▸ RECORDED DATA:
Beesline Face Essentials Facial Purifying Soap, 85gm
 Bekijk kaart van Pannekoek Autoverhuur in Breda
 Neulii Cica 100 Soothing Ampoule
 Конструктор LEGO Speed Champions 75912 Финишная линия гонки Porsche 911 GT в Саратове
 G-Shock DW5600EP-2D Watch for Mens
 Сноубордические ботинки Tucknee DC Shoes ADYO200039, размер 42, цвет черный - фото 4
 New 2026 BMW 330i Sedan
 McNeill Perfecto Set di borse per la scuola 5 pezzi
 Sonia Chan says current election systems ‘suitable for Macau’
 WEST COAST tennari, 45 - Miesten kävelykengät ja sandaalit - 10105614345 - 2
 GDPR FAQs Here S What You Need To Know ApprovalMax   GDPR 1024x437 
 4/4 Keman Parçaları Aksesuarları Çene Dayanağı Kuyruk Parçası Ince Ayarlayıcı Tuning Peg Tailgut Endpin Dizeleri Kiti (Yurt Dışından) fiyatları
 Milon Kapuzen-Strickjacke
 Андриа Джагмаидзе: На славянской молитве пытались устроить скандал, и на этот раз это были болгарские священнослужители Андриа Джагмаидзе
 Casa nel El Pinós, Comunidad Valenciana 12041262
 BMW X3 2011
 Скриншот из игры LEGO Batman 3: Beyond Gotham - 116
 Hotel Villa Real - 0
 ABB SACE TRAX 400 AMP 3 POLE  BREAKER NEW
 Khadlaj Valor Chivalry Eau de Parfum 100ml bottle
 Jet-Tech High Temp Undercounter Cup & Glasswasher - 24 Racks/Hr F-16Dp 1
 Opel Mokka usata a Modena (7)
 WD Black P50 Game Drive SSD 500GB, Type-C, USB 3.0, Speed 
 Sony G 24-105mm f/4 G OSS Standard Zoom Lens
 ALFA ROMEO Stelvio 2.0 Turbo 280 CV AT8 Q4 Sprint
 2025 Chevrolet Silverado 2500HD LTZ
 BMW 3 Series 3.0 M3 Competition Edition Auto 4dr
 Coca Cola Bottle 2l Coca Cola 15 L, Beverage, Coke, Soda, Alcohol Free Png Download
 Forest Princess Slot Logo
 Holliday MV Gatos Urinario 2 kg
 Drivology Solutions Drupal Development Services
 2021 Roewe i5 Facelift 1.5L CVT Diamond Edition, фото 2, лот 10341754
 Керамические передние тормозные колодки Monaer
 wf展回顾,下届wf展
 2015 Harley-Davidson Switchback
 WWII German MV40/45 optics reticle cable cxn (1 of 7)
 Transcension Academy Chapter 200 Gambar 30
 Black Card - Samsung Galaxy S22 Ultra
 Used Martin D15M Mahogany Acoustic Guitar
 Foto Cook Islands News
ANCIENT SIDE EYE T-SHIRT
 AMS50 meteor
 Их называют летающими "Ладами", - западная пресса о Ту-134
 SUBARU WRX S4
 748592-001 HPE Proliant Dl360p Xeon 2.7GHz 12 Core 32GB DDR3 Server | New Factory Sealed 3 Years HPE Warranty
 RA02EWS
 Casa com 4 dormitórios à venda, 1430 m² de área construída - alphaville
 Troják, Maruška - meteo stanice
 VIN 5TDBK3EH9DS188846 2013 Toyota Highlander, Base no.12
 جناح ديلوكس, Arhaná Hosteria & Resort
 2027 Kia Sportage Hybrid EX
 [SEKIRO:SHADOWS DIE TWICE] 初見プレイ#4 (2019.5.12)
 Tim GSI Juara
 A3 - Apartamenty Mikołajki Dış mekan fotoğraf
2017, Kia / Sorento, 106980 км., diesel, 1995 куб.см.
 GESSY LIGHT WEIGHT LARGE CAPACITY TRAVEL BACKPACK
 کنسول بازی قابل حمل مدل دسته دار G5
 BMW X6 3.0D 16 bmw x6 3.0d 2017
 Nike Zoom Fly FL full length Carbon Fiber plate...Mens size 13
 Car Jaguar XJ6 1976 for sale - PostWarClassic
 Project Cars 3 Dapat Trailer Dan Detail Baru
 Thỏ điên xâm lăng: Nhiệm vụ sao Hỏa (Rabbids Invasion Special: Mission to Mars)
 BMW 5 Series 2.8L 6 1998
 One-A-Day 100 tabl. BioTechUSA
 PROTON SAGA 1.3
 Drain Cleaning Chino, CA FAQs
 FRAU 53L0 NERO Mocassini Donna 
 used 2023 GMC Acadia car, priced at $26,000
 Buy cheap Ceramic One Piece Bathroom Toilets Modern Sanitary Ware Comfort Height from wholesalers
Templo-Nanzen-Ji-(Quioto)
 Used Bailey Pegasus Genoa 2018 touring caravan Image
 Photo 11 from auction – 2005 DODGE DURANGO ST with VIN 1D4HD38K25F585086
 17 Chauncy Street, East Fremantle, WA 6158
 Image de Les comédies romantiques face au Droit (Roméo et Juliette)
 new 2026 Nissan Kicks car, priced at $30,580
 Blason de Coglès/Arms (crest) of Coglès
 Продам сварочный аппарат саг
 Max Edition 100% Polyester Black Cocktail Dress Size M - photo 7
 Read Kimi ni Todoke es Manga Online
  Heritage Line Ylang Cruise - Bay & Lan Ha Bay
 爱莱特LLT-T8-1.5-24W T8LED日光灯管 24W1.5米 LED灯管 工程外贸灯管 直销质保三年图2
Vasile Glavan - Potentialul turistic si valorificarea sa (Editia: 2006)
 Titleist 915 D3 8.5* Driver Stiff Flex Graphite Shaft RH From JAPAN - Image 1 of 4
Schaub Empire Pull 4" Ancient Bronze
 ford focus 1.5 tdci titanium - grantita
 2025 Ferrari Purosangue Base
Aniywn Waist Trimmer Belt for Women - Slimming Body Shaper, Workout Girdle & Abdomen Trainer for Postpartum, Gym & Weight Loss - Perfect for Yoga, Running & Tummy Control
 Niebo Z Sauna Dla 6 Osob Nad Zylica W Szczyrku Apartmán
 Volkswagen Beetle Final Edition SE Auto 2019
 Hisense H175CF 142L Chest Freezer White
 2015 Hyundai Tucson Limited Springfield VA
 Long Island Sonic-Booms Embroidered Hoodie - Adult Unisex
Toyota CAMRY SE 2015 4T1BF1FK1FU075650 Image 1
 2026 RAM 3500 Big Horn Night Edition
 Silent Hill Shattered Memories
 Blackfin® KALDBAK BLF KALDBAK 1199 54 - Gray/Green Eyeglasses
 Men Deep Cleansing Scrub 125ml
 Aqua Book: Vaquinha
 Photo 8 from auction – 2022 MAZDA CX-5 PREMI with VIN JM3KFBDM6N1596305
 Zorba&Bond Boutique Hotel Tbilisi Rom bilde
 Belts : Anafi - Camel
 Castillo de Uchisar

▸ WHAT TO WORK ON:
The lines above from the one containing "Hisense H175CF 142L Chest Freezer White" through the one containing "Aqua Book: Vaquinha" are to be set down exactly, and no others.

▸ SOLUTION TO THIS PROBLEM:
 Hisense H175CF 142L Chest Freezer White
 2015 Hyundai Tucson Limited Springfield VA
 Long Island Sonic-Booms Embroidered Hoodie - Adult Unisex
Toyota CAMRY SE 2015 4T1BF1FK1FU075650 Image 1
 2026 RAM 3500 Big Horn Night Edition
 Silent Hill Shattered Memories
 Blackfin® KALDBAK BLF KALDBAK 1199 54 - Gray/Green Eyeglasses
 Men Deep Cleansing Scrub 125ml
 Aqua Book: Vaquinha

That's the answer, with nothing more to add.